MISSION CRITICAL SOFTWARE, INC.
FORM OF KEY EMPLOYEE STOCK PURCHASE AGREEMENT
AGREEMENT, dated as of March 10, 2000, between Mission Critical
Software, Inc., a Delaware corporation (the "Parent") and the stockholders of
Ganymede Software Inc., a Delaware corporation (the "Company") whose names
appear in the signature block to this Agreement, ______________ (the "Key
Employee") and ________________ (the "Affiliated Stockholder").
W I T N E S S E T H :
WHEREAS, Parent and the Company have entered into an Agreement and
Plan of Merger dated March 10, 2000 (the "Merger Agreement"), pursuant to which
the Company will merge into a wholly-owned subsidiary of the Parent (the
"Merger").
WHEREAS, the Key Employee and Affiliated Stockholder have approved of
the Merger Agreement and the Merger.
WHEREAS, the Parent will issue shares of its common stock, par value
$0.001 per share (the "Parent Stock"), as consideration for the Key Employee's
and Affiliated Stockholder's shares of common stock, par value $0.001 per
share, of the Company ("Company Stock"), upon the terms and subject to the
conditions hereinafter set forth.
WHEREAS, in consideration of the mutual promises made herein and in
the Merger Agreement, the Key Employee and Affiliated Stockholder have executed
a proxy agreement in favor of Parent (the "Proxy Agreement"), dated the date
hereof, the Key Employee and Affiliated Stockholder will enter into a
Registration Rights Agreement and Restricted Stock Agreement at the Closing (as
defined herein), and the Key Employee will enter into an Employment Agreement
at the Closing (as defined herein).
WHEREAS, it is the intent of Parent, the Key Employee and the
Affiliated Stockholder that the transactions contemplated by this Agreement and
the Merger Agreement constitute an exchange qualifying for tax-free treatment
pursuant to Section 368 of the Internal Revenue Code of 1986, as amended.

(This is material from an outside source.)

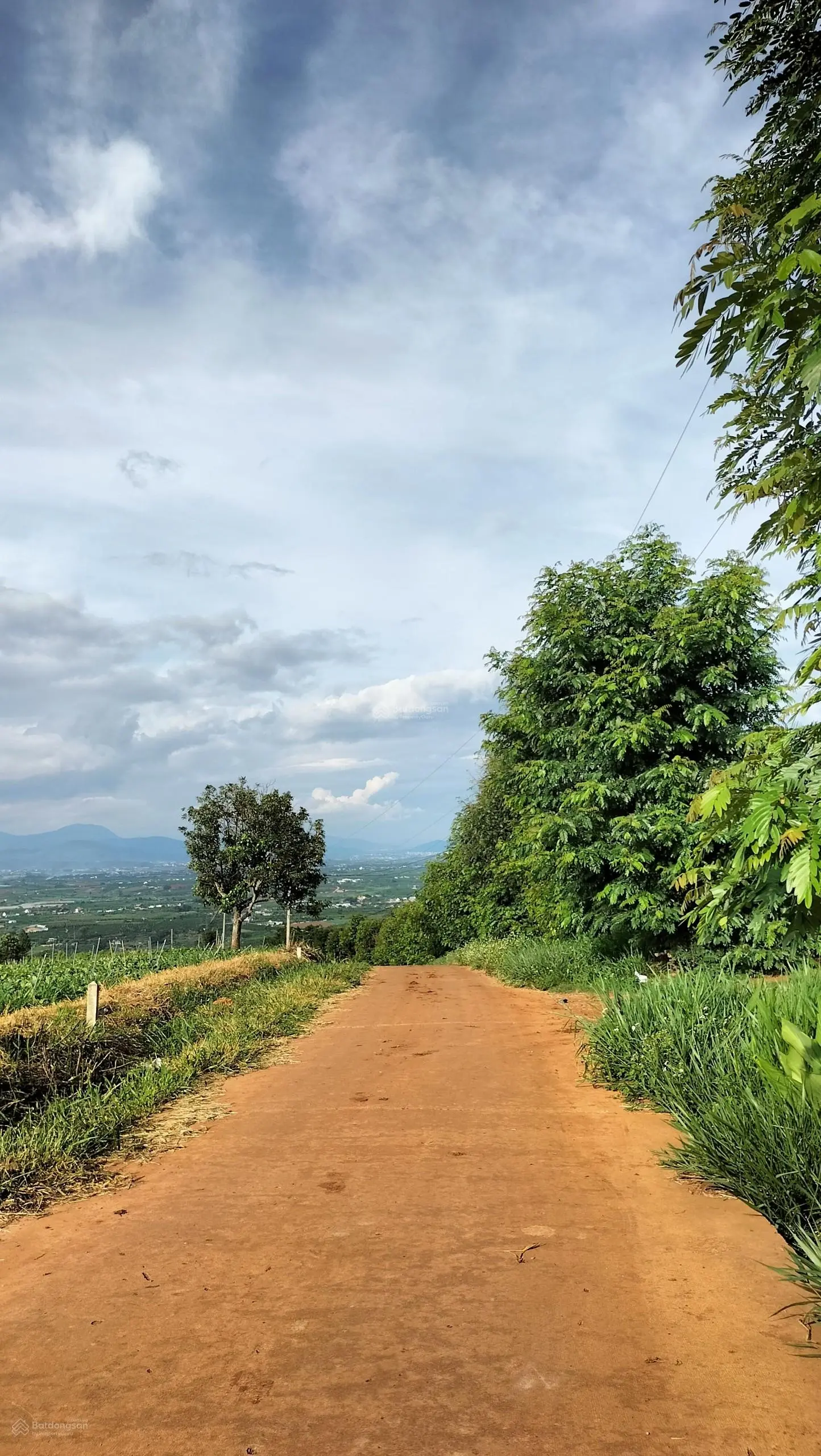 Sở hữu ngay đất Tân Hà, Lâm Đồng - giá chỉ từ 839 triệu, view đẹp, diện tích rộng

The parties hereto agree as follows:
ARTICLE 1
PURCHASE AND SALE
SECTION 1.01. Purchase and Sale. Upon the terms and subject to the
conditions of this Agreement, the Parent agrees to purchase from the Key
Employee and the Affiliated Stockholder, and the Key Employee and the
Affiliated Stockholder agree to sell to Parent, those shares of Company Stock
held by such Key Employee and Affiliated Stockholder as indicated on the final
page of this Agreement under such Key Employee's and such Affiliated
Stockholder's signature. The Company Stock held by the Key Employee and the
Affiliated Stockholder shall be exchanged, at the Closing, for the number of
shares of Parent Stock (rounded to the nearest ten-thousandth of a share) equal
to the number of shares of Common Stock multiplied by the Exchange Ratio, as
such term is defined in the Merger Agreement.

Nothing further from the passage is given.